Sunday, November 27, 2011

Governing Identity Management

Traditionally, each software application is developed to maintain and manage the identity and the related permission information within it. As more and more such applications gets deployed, user provisioning and managing access control could soon be a nightmare. A well managed Identity Management function within an enterprise can alleviate the hassles around this and will also enable the enterprise to better govern the identity and resource provisioning activities.

Identity Management solution as such comprises of the following key functions in addition to being technically capable of exposing necessary automation APIs:

Account Provisioning

This is a core function within Identity Management and this is where an identity gets created.  The following are the typical activities that need to be performed under this function.
  • Adding an Identity - includes receiving a request with required data, performing necessary verification and obtaining approval from appropriate authority.
  • Modifying an Identity - involves change of certain attributes of an identity.
  • Deleting an Identity - when an identity no is no longer associated with the organization, deletion may be required.

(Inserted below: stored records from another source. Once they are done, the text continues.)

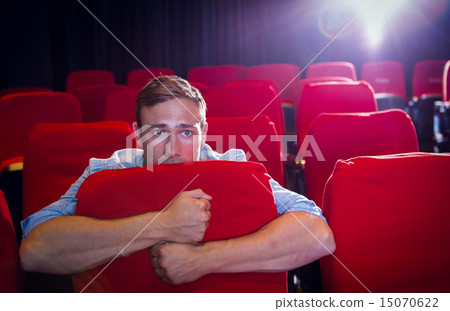 Young man watching a scary film Young man watching a scary film 15070622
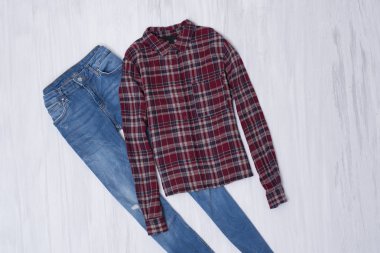 Mavi jeans ve ahşap arka plan üzerinde kırmızı kareli gömlek. Moda kavramı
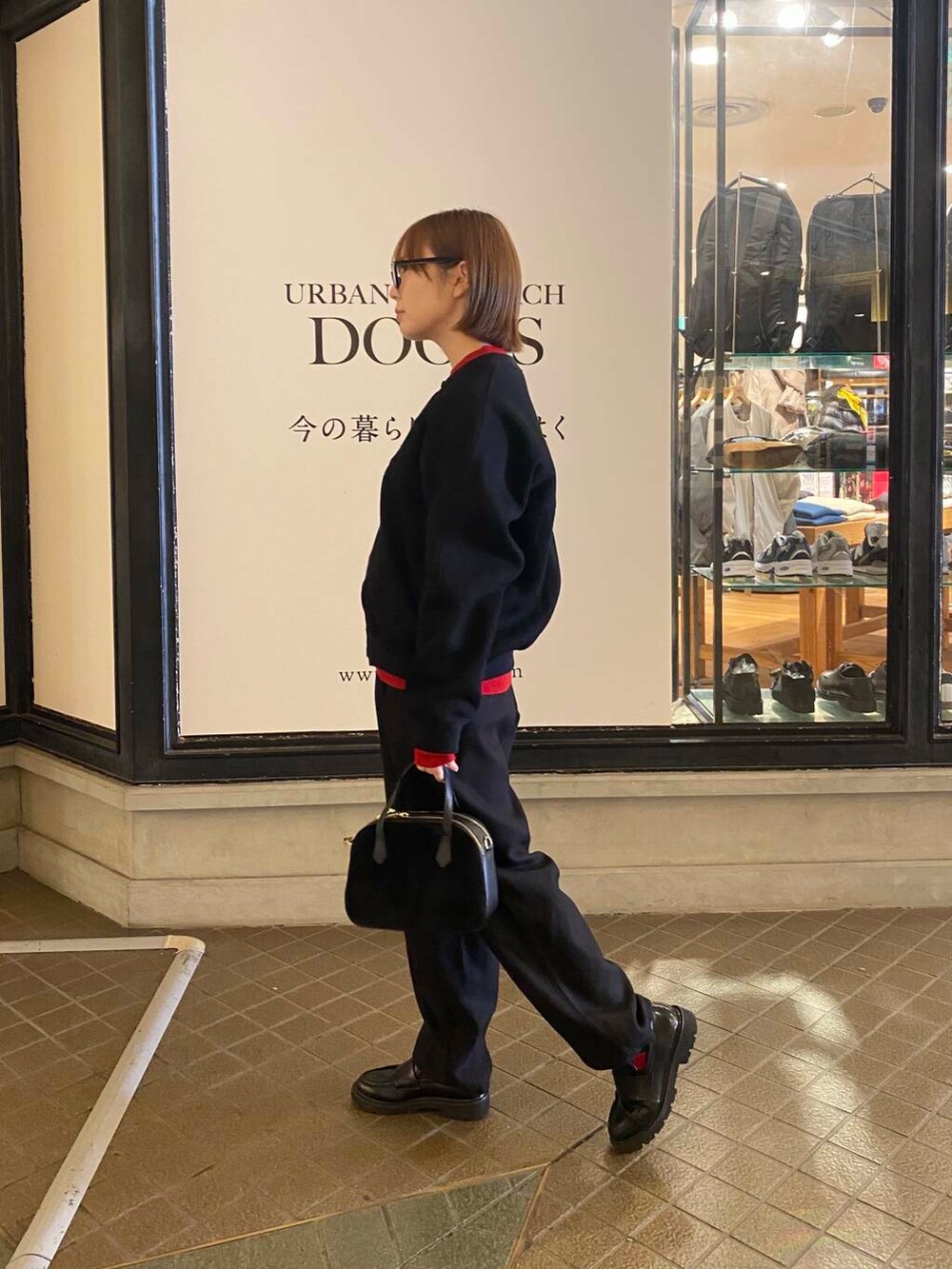 レッド系のニット/セーター、ブラック系のショルダーバッグ、ブラック系のカーディガン/ボレロを着用したレディースの秋コーディネートの2枚目の写真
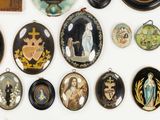 a lot of different religious items on the wall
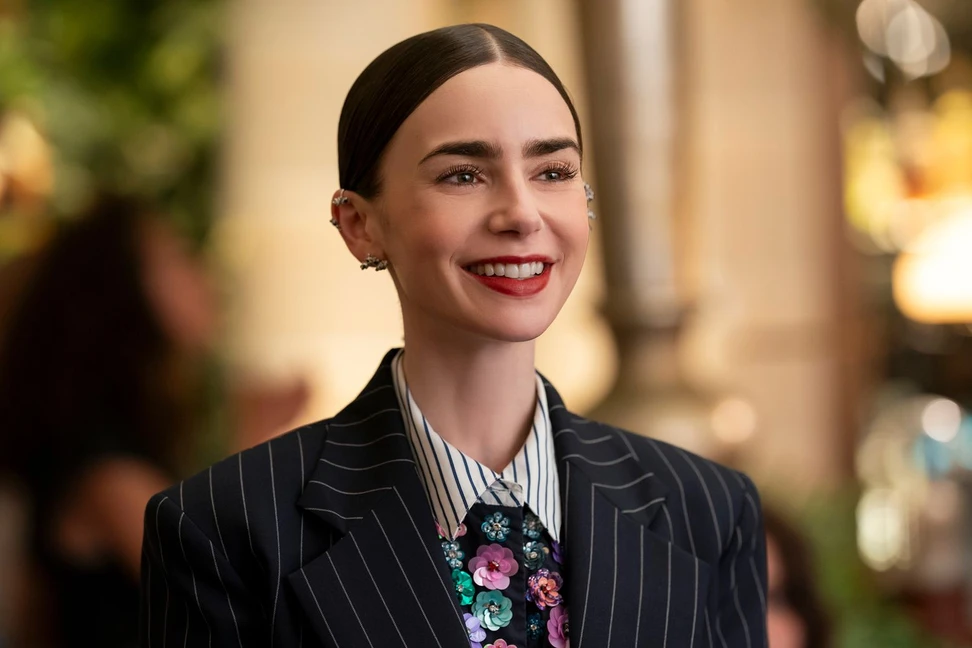 <p>Lily Collins as Emily Cooper in season 5 wearing ear climbers and cuffs. Her jewellery choices have become more stylish and adventurous with each new season</p>
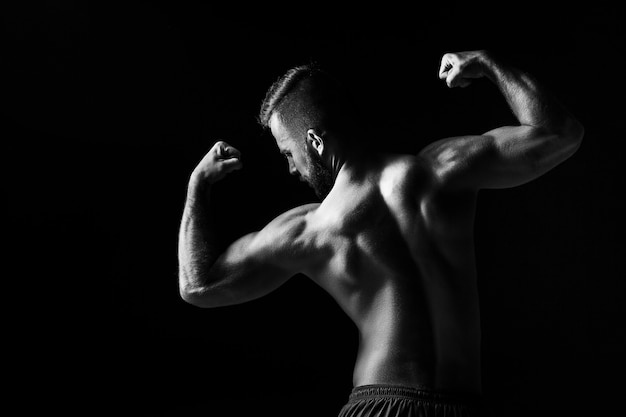 L'image incolore du dos du torse d'un body builder masculin attrayant sur fond de studio noir.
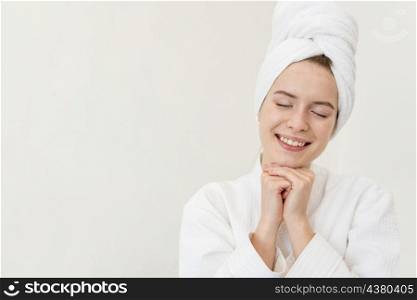 woman posing bathrobe smiling with copy space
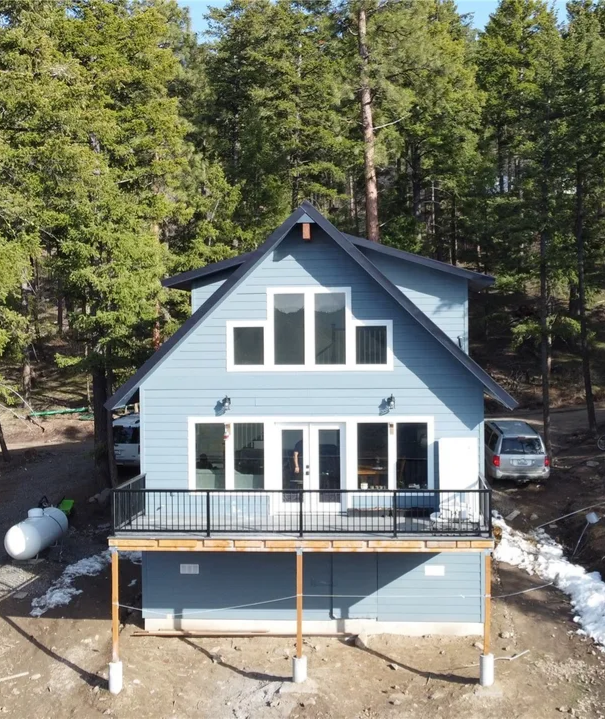Blue house with black roof and deck in a wooded area, gas tank on left, vehicle on right.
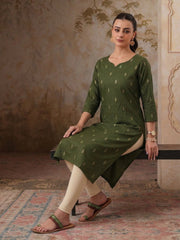 Woman wearing a green kurta with white pants sitting on a decorative rug.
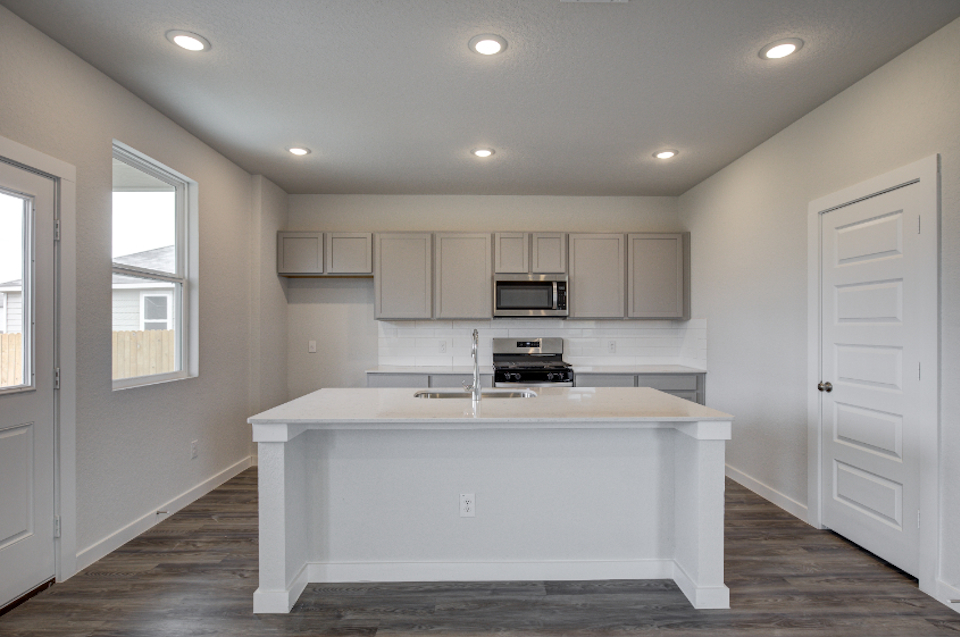 A kitchen with white cabinets.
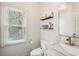 Bright bathroom featuring marble countertop, chrome faucet, and decorative shelves at 2138 Bramlett Nw Pl, Marietta, GA 30064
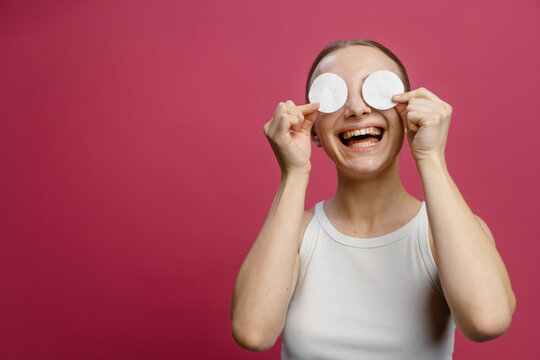 A woman covers her eyes with cotton pads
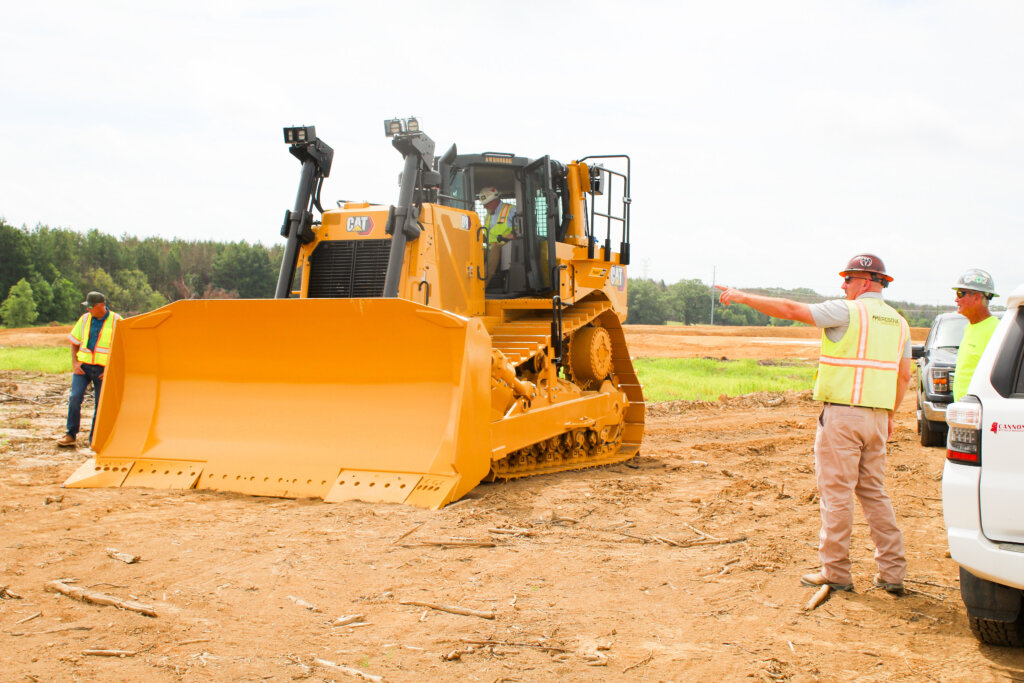 Workers pointing at machine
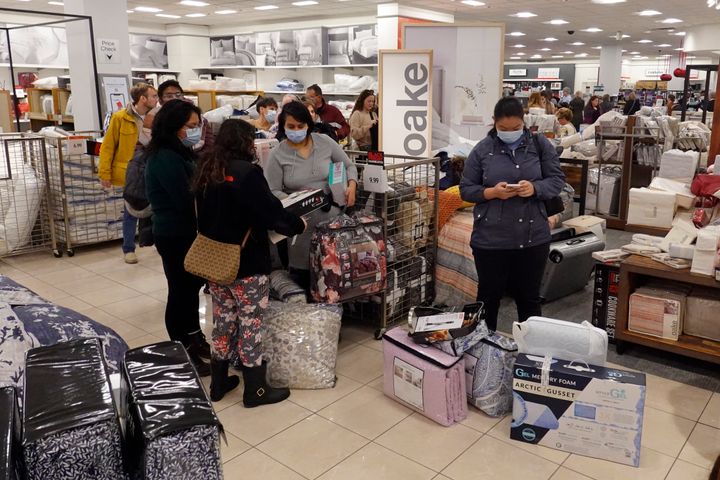 Customers wait in line to checkout during a Black Friday sale at Macy's, Friday, Nov. 26, 2021, in Indianapolis. (AP Photo/Darron Cummings)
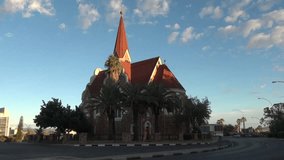 HD high quality summer day video footage of the 1910 Lutheran German-built Christuskirche Christ Church located on a hill near city center of Windhoek, the capital of Namibia, southern Africa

Deletion may not mean actual deletion and instead may mean de-activation.
  • Suspending / Resuming an Identity - usually when employees go on long vacation, it would be appropriate to suspend the identity and resume again when the employee comes on board.


Resource Provisioning

An Identity once created need to be provisioned to access one or more services, which could be out of a computing resource or a non computing service. For instance, computing resources could mean access to payroll application and similarly a non computing resource could mean physical access to the Data Center.

De-Provisioning

De-provisioning is an equally important function which, if not done on a timely manner could put the organization into a big risk. For instance, if an employee who has been granted access to critical systems, is not de-provisioned when he leaves the organization, he could cause potential loss to the company.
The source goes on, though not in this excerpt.